Since my children are grown, I also see nothing inviting about waking up at 2 a.m. to rush down aisle two to pick up a Sofia the First singing doll or an Angry Bird gadget. (You say, “But what if the toy is sold out before I get there?” Trust me. Your kid will live to see another day.)
The Thanksgiving openings are especially troubling. Not everyone thinks Thanksgiving is sacred, but most of us agree that tradition could allow us at least one day’s respite from unbridled (and sometimes hysterical) commerce.
However, the urge to spend is strong. As a lady in New Jersey told the Associated Press, “I really don’t dig the Thanksgiving thing. I feel bad for the workers.” Yet there she was, ducking out of her family’s Thanksgiving dinner to fork over $288 for a 50-inch Walmart TV.

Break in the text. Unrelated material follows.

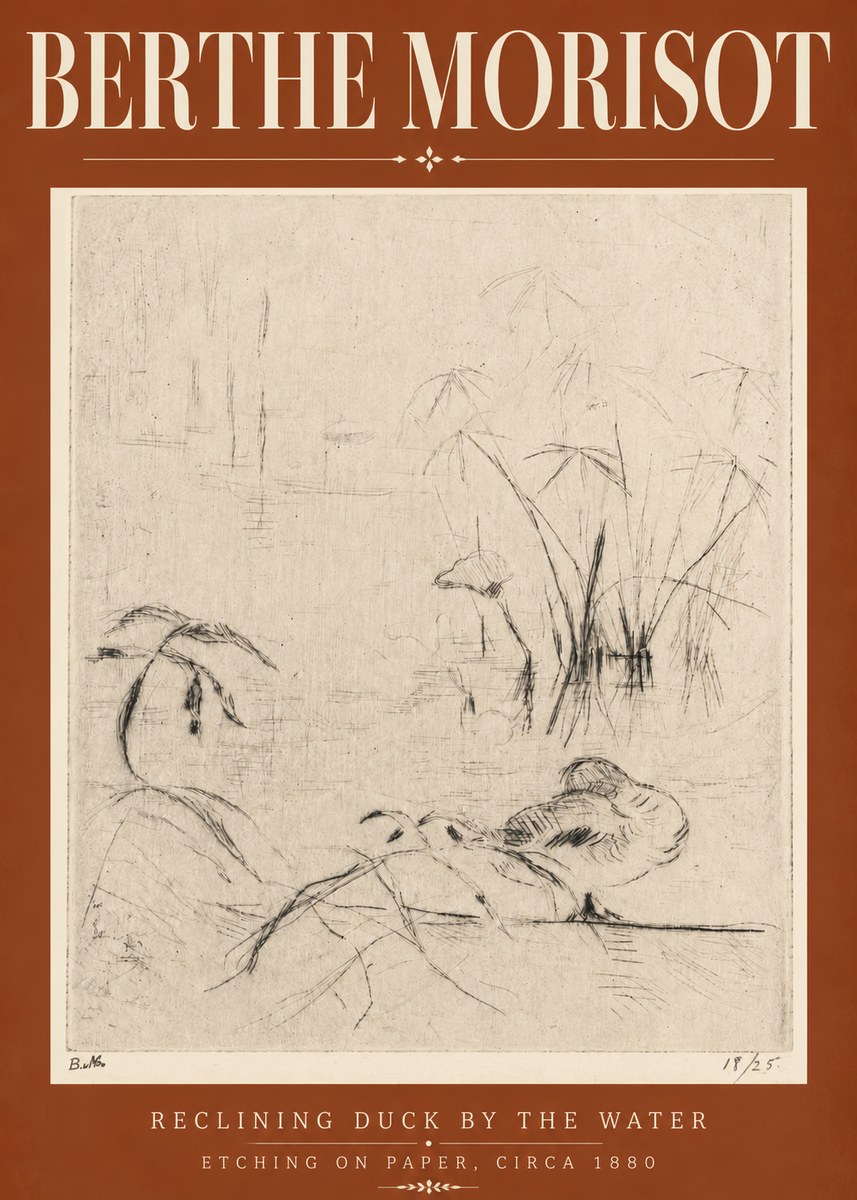Berthe Morisot Reclining Duck by the Water No6 - Plakát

This year more than a dozen major retailers stayed open for 24 hours or more on Thanksgiving through Black Friday.
In New York, 15,000 people waited in line for the flagship Macy’s to open at 8 p.m. on Thanksgiving. Last year alone, Thanksgiving Day sales rose a whopping 55% from the previous year.
My theory behind all of this is simple: Americans are pack animals.
When a bunch of people get together and one of them darts down an aisle and pulls out a credit card, others in the pack surge along.
Self-esteem crumbles when everyone else is buying and you are not. You don’t feel part of the clan or tribe (for example, the mom and her daughters who wear matching t-shirts and label Black Friday binge shopping a “family tradition”).
I am not of that tribe.
But I feel like the little Dutch boy with his finger in the dike, foolishly hoping to stop the incoming crash for waves.
On Black Friday in Las Vegas, Nev., a woman named Peggy Meyers decorated her yard with plush snowmen and holiday decor. She was holding her annual Black Friday yard sale in her garage.
Black Friday yard sales? That’s the sign of the Apocalypse!